Without the pictures, output all of the data exactly.

Information shown ▸
┌──
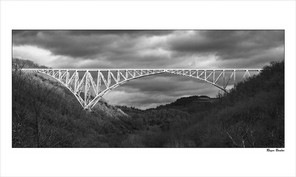 BOULOC ROGER-1 BON 50x30.jpg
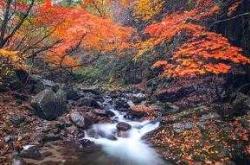 剖腹产后多久可以吃醋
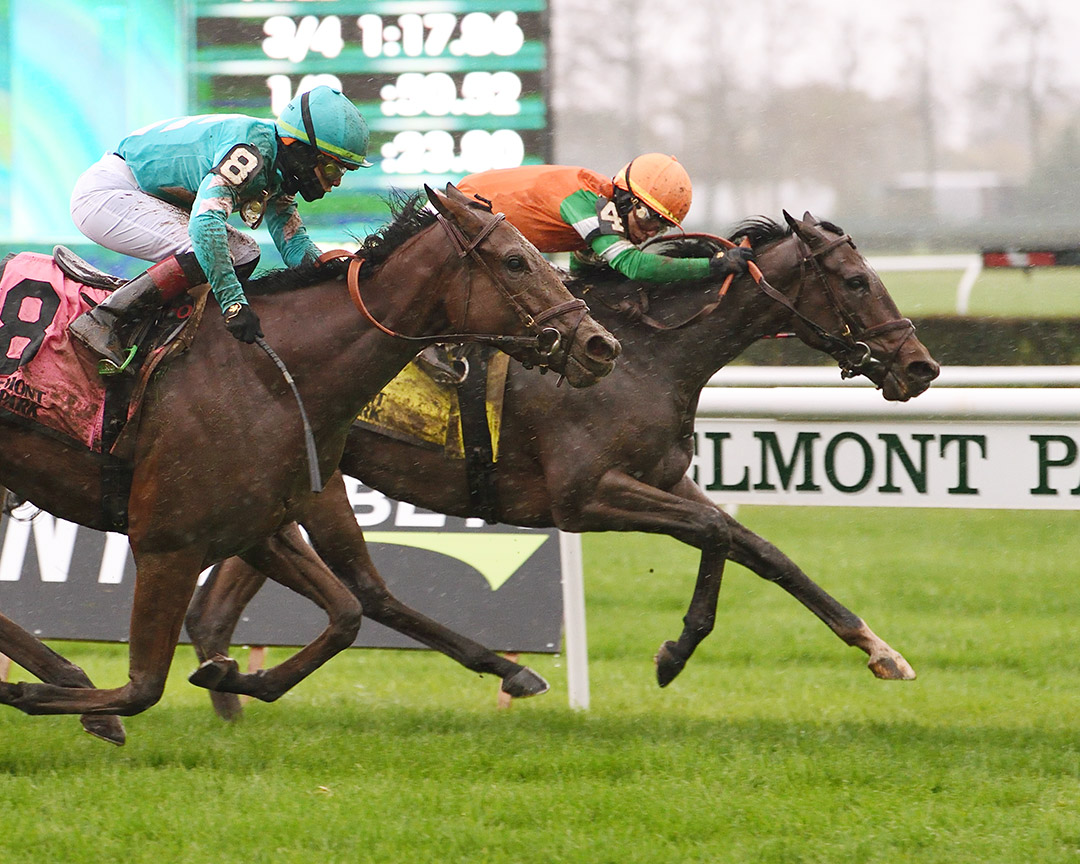 Ingrassia wins the 2020 Chelsey Flower Stakes at Belmont Park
└──
Response box ▸
 BOULOC ROGER-1 BON 50x30.jpg
 剖腹产后多久可以吃醋
 Ingrassia wins the 2020 Chelsey Flower Stakes at Belmont Park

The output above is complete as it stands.